#### [Task details]
Below, find the line containing "Trido Laguna 藝術" and the line containing "Eine Stimme für die Wildnis Poster (Ecke)"; reproduce exactly those two and every line between them, omitting pictures.
══ Input material ══
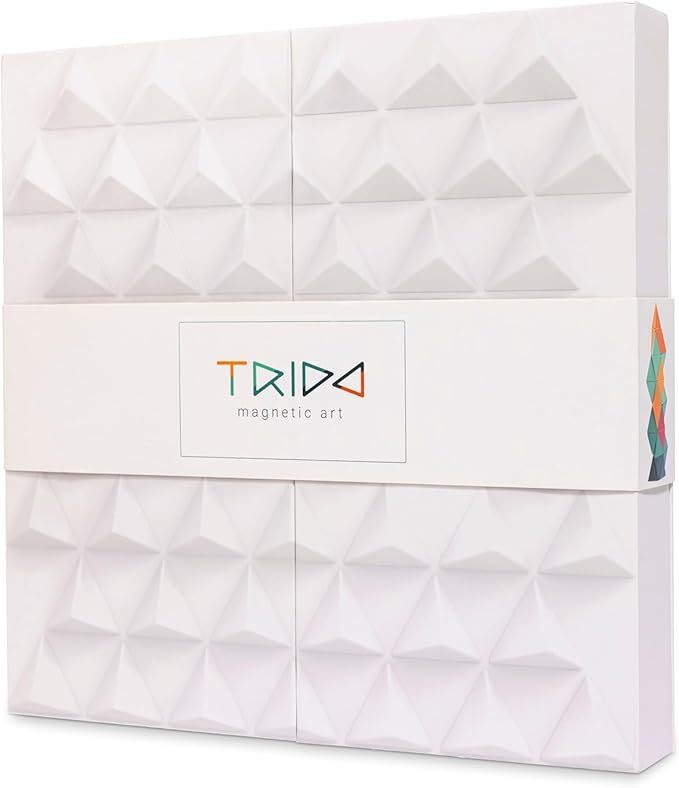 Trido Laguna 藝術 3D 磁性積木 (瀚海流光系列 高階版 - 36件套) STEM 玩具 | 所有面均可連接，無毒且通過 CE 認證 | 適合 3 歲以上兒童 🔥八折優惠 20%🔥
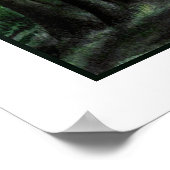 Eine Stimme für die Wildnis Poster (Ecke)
═══
══ Input material ══
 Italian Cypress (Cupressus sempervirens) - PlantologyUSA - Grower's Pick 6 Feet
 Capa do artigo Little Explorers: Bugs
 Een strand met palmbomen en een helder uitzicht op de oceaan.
═══
══ Input material ══
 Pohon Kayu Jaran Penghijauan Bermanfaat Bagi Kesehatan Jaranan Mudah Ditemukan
═══
#### [Response]
 Trido Laguna 藝術 3D 磁性積木 (瀚海流光系列 高階版 - 36件套) STEM 玩具 | 所有面均可連接，無毒且通過 CE 認證 | 適合 3 歲以上兒童 🔥八折優惠 20%🔥
 Eine Stimme für die Wildnis Poster (Ecke)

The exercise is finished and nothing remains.